> _ABOUT THIS TASK_: Beginning with the first entry, restate the data word for word and leave out the images.

BEGIN DATA SHOWN

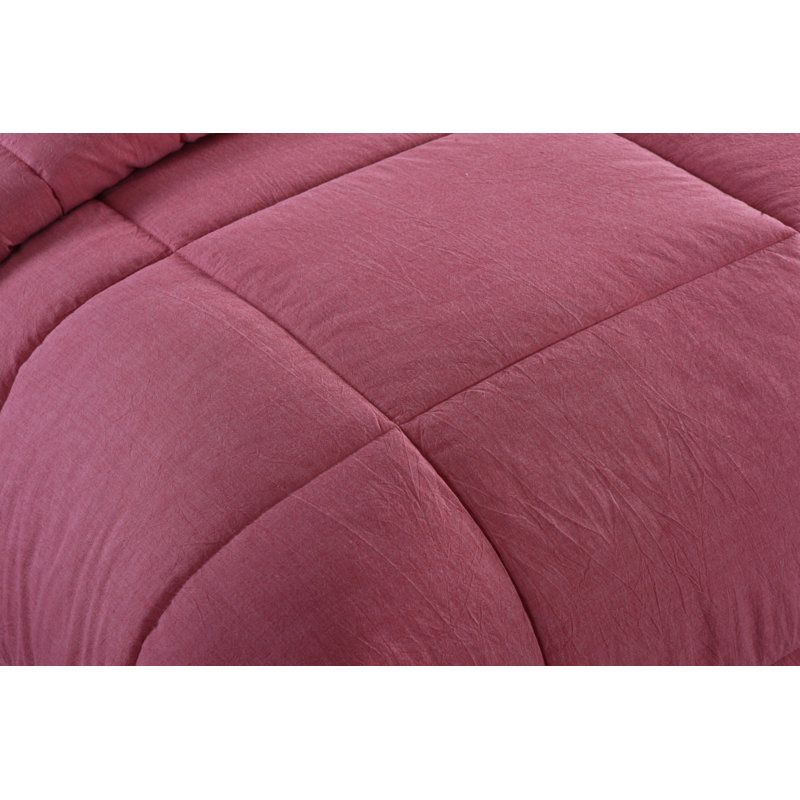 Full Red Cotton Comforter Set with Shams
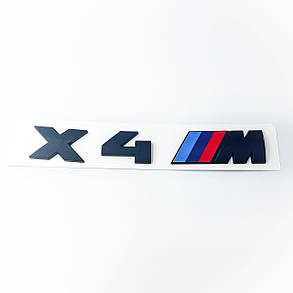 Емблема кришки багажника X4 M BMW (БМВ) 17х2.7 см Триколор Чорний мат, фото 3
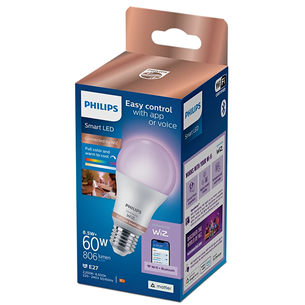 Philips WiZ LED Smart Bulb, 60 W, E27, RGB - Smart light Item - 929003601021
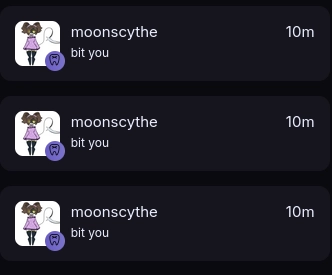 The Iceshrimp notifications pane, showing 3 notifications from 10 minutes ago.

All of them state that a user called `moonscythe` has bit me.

END DATA SHOWN

> _SOLUTION TO THIS PROBLEM_:
 Full Red Cotton Comforter Set with Shams
 Емблема кришки багажника X4 M BMW (БМВ) 17х2.7 см Триколор Чорний мат, фото 3
 Philips WiZ LED Smart Bulb, 60 W, E27, RGB - Smart light Item - 929003601021
 The Iceshrimp notifications pane, showing 3 notifications from 10 minutes ago.

All of them state that a user called `moonscythe` has bit me.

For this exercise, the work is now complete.